Insurance Claims Practices. Civil Remedies.
Under current law, an insurance company must handle claims from a policyholder in a fair manner. It is illegal for an insurance company to engage in "unfair" claims practices, such as:
If an insurance company unfairly handles a claim (typically referred to as the "underlying claim"), the policyholder has two ways to respond: (1) file a complaint with the Department of Insurance (DOI), which is responsible for enforcing state law regarding unfair claims practices; and/or (2) sue his or her insurance company in civil court. These lawsuits by individuals against their own insurance companies are referred to as "first-party" actions.

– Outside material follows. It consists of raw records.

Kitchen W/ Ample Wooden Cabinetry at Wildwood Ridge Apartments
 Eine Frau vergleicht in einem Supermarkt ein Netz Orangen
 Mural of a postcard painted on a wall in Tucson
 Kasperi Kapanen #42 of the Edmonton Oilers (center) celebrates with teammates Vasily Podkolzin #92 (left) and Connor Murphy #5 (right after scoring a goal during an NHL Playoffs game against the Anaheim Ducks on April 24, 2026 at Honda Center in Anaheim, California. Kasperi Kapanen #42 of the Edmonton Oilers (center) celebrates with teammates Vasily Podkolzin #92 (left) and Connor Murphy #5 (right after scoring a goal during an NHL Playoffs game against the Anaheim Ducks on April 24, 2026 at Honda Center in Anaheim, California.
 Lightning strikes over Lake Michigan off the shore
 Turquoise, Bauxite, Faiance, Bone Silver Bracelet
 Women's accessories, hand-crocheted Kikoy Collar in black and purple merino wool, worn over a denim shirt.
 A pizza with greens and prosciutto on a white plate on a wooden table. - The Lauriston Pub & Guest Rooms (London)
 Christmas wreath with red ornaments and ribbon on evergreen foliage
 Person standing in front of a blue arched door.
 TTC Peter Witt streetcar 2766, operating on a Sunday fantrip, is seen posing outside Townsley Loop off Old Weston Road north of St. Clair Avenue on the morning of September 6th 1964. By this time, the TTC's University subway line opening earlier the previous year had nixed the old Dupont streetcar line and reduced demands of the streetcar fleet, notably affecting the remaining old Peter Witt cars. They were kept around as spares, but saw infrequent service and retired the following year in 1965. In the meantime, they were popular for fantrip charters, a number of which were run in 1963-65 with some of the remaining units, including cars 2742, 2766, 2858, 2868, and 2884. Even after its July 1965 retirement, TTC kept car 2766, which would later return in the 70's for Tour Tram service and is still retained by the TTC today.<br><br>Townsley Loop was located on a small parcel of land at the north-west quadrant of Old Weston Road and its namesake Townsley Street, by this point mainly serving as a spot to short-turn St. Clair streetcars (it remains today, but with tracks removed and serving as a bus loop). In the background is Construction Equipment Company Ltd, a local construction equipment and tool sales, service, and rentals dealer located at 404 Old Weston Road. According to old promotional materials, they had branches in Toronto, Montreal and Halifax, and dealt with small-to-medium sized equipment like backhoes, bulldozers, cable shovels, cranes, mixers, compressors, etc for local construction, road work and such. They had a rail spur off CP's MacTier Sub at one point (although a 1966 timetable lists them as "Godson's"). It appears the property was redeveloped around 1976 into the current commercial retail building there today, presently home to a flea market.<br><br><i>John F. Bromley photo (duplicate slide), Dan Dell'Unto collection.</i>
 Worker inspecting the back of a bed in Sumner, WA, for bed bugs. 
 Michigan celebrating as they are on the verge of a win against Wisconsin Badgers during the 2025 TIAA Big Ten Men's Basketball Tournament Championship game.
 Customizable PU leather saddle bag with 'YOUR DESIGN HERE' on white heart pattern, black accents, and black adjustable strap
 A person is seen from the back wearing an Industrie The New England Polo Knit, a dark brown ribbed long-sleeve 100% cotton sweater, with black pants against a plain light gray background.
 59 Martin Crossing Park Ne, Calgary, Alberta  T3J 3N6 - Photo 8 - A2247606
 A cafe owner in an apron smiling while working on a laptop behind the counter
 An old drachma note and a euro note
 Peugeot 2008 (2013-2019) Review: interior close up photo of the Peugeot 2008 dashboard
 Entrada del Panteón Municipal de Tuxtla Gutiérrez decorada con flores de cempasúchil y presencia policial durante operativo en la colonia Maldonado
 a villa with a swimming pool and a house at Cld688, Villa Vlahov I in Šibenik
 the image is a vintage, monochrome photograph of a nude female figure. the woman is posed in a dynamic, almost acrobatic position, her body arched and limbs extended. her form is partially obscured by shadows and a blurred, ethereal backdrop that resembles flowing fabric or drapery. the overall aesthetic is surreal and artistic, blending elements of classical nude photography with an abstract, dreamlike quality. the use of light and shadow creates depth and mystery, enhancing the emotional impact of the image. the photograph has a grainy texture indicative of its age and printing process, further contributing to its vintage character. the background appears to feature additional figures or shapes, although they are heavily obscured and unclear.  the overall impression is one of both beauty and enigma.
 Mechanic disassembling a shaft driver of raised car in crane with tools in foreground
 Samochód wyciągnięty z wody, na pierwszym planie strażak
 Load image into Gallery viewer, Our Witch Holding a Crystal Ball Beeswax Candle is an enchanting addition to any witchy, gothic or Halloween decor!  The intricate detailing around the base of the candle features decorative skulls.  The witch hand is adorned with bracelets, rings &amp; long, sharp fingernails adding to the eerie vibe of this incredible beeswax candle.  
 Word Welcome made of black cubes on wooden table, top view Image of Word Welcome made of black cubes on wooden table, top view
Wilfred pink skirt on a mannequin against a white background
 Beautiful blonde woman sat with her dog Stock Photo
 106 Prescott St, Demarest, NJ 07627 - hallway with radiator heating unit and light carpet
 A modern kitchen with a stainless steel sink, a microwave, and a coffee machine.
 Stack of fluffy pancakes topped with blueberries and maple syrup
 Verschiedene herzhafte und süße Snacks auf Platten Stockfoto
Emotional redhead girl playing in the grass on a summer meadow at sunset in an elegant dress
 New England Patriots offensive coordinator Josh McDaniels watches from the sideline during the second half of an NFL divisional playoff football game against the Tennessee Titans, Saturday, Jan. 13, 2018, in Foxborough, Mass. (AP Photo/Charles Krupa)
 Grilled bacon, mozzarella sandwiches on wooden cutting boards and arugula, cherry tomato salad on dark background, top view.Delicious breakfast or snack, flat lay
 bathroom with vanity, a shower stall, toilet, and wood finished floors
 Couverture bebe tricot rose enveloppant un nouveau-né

There are many insurance claims--especially those involving auto accidents--that involve two individuals. For instance:
Driver X runs a red light and hits Driver Y, causing both bodily injury to Driver Y and damage to her car. Driver X's insurance company is willing to pay Driver Y $20,000 for her injury and damages, but not the $30,000 Driver Y feels is reasonable. Driver Y can either accept the $20,000 or reject it and sue Driver X in court.
If Driver Y feels that Driver X's insurance company did not deal with her fairly throughout the process, Driver Y--as a "third-party" claimant--has only one way to respond. She can file a complaint with DOI for an investigation. She cannot sue Driver X's insurance company for unfairly handling the claim (a so-called third-party lawsuit). These third-party lawsuits were possible in California during the 1980s but are not now. See nearby box for a brief legal history.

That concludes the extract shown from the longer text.